Vulnerability And Stuff
There are days when I feel very vulnerable. It's like my heart is outside of my body.
What comes to it in pain, hurts more.
What comes to it in hope, lifts more.
What comes to it in fear, scares more.
What comes to it in joy, elevates more.
I can't explain it better than that. And on these days, I do try to put on the armor I wear every other day; the one built from the iron of sarcasm and the teflon of experience. But it's futile. My body may be wearing that armor, but my heart's outside of my body -- so it's outside of the armor as well.
I try to protect it with my armor-covered hands and arms, and it works for the most superficial interactions. But anything more, and I'm feeling. A lot.
It's on these days that I try to write. The more I write, the more I understand. The more I can push out of the way. The more I can put on paper and into folders and out of view. The more room I can make inside me to put my heart back where it belongs.
The writing I produce during these times, I do not share. It's rarefied material; having very little use to anyone besides myself. It's too delicate. I can't put it on the shelf for fear it might be bumped. And I've been having these days a lot the past little while, and that's why you haven't been hearing from me much lately.
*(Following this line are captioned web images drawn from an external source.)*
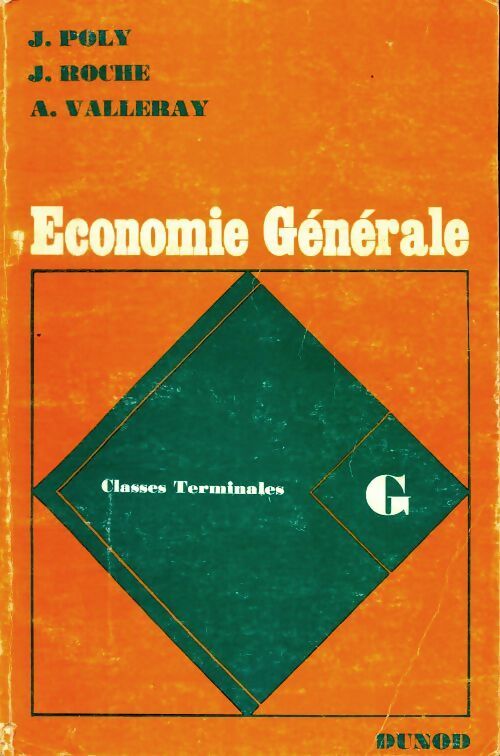 Économie générale Terminales G - Jean Poly - Livre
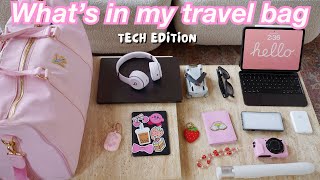 Whats In My Travel Tech Bag- My Travel Essentials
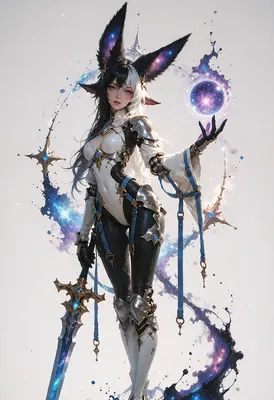 Celestial Guardian with Cosmic Magic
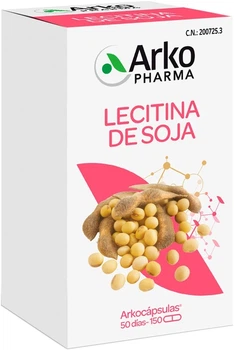 Suplement diety Arkopharma Lecytyna sojowa 150 kapsułek (3578836111360)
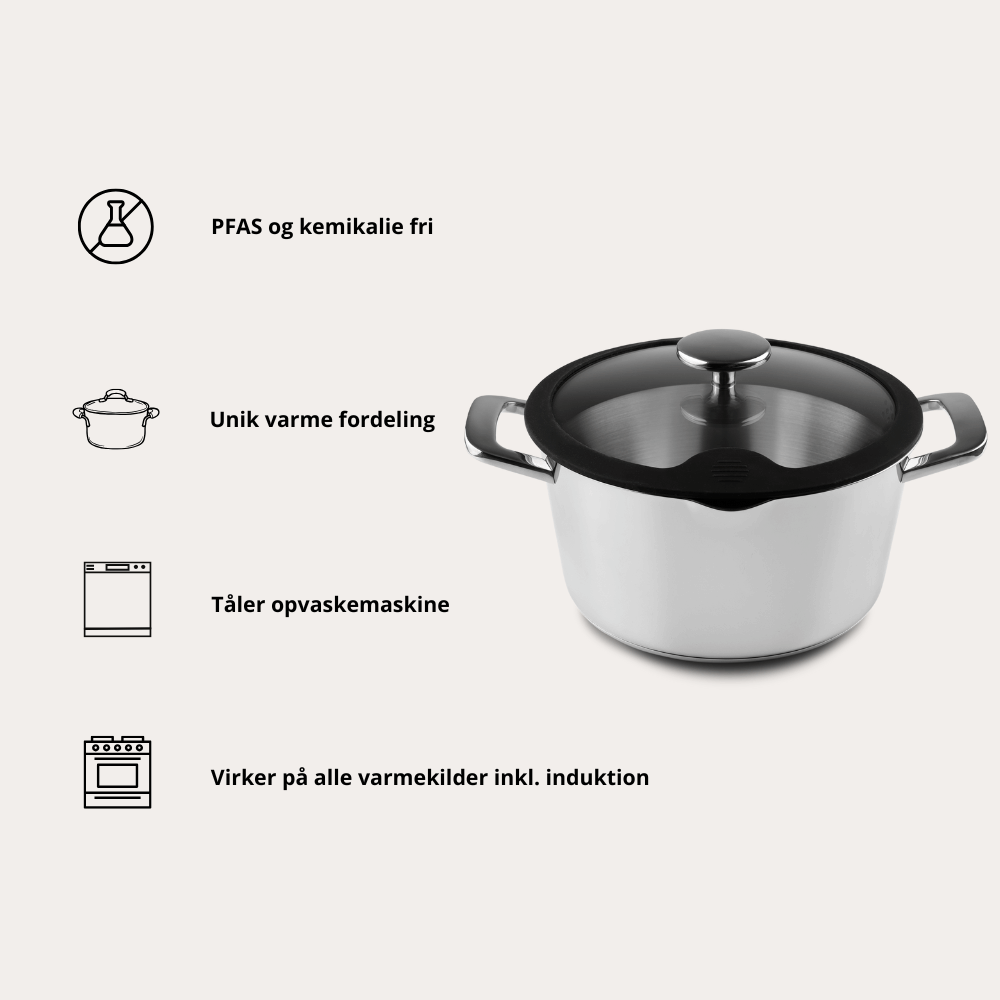 Kookpan van roestvrij staal van Qookware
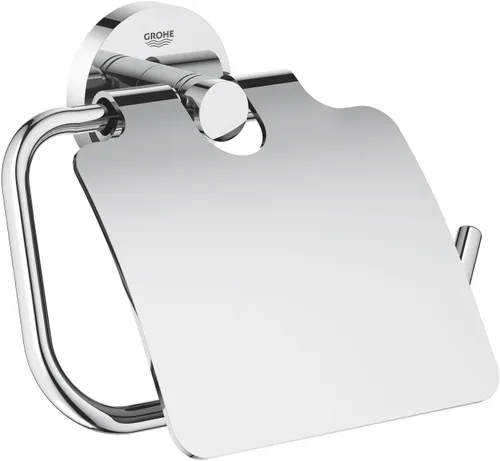 Miniatura 10 de GROHE 40689001 Essentials - Soporte para papel higiénico montado en la pared, color cromado Starlight Estrella Cromo Claro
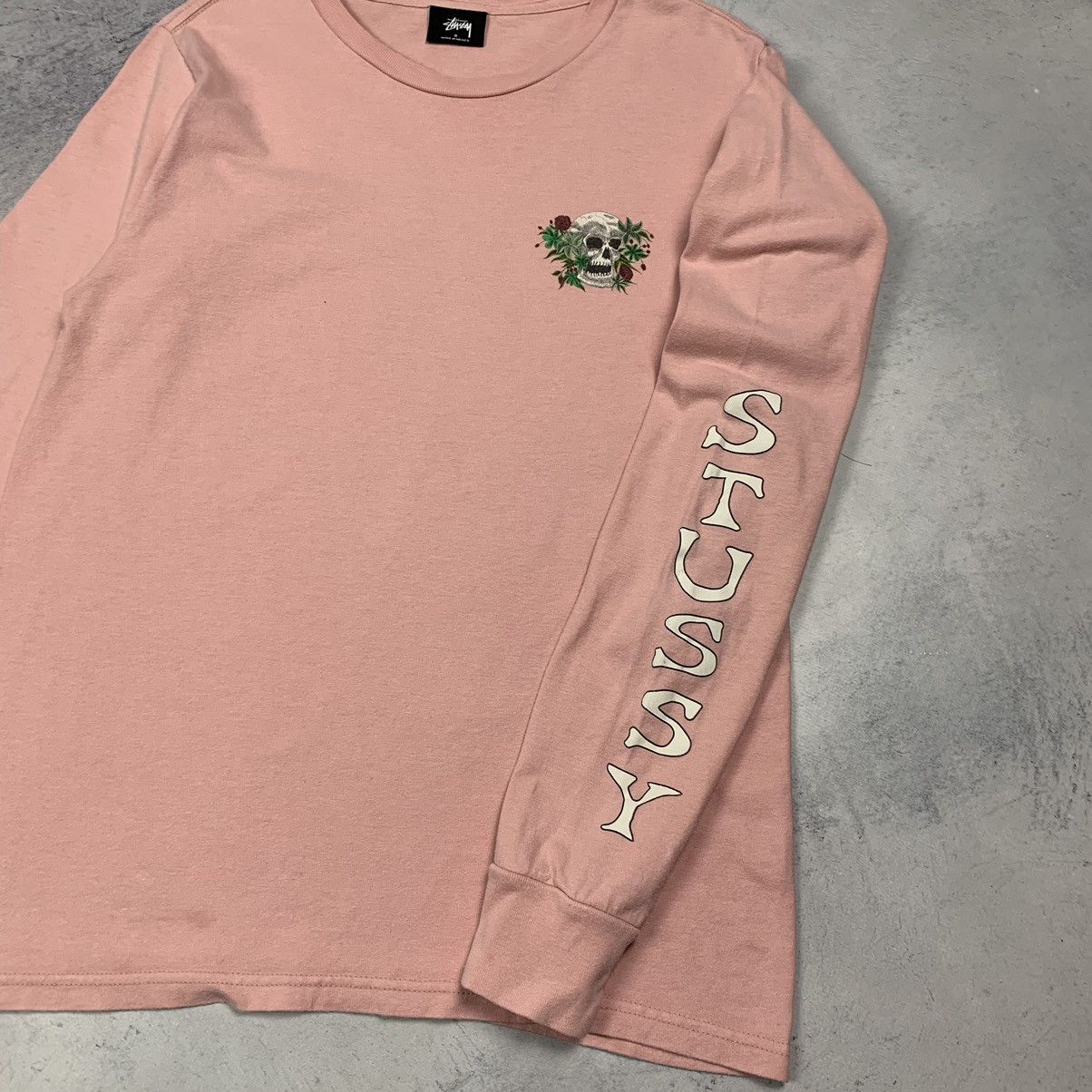 Stussy Stussy Skulls Long Sleeve T-Shirt pink Rouse print Size S Size US S / EU 44-46 / 1 - 5 Thumbnail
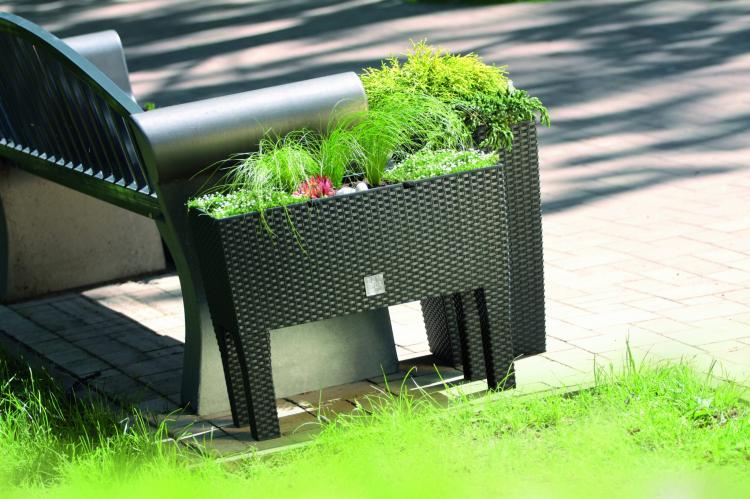 Doniczka na nóżkach, wysoka z nwadnianiem RATO Case DRTC600H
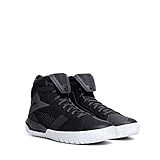 Dainese Metractive Air Shoes, Motorradschuhe Sommer Belüftete, Herren, Schwarz/Schwarz/Weiß, 41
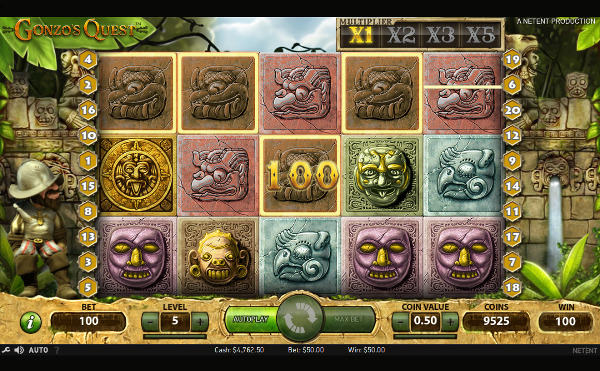 Игровой автомат Gonzo's Quest - завоюй богатства легендарного Писарро в казино Вулкан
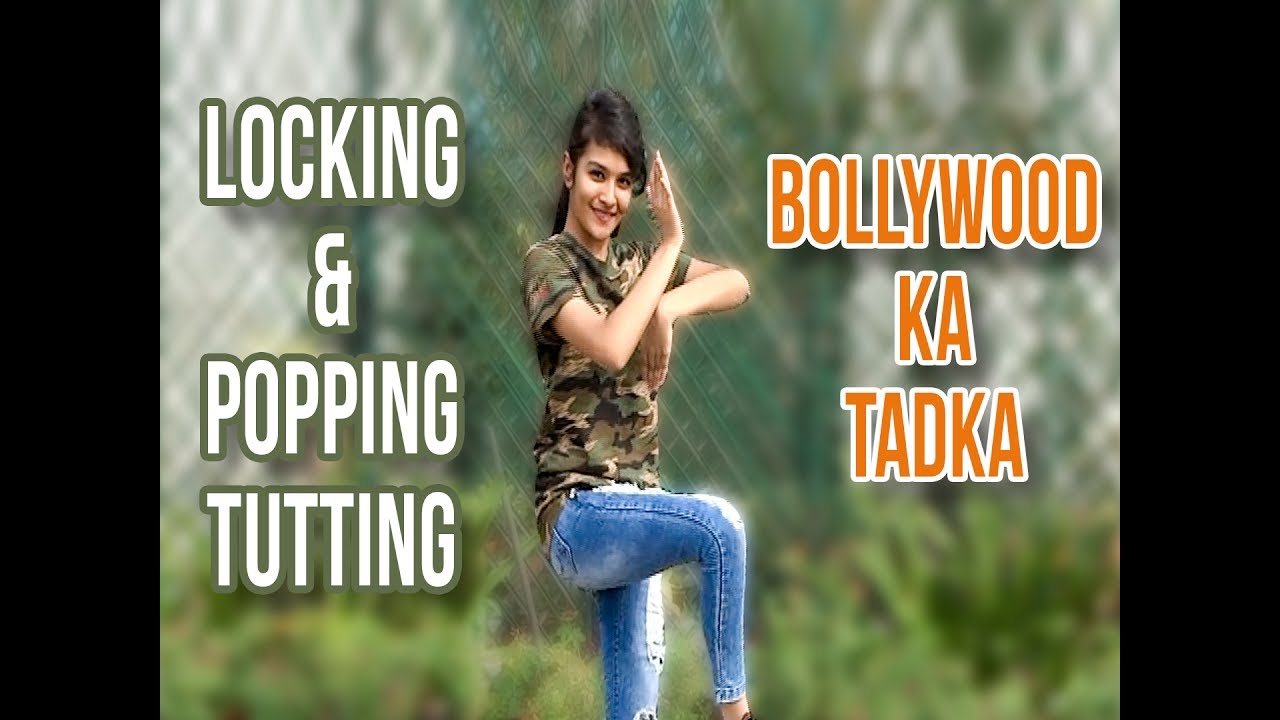 Shreya Reddy's Locking & Popping, Tutting Dance on Silsila Yeh Chahat Ka (Remix)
But it's this writing that forms the basis for the stuff I actually do publish later in life. I go back to it, visit it, dig through it for the bits I know I can make something useful out of, and go to town. So I trust that when things level out and I get the chance, I'll be hammering you with tons of material, all drawn from the lessons I've been learning the past 6-9 months.
I look very forward to it. I hope you do as well.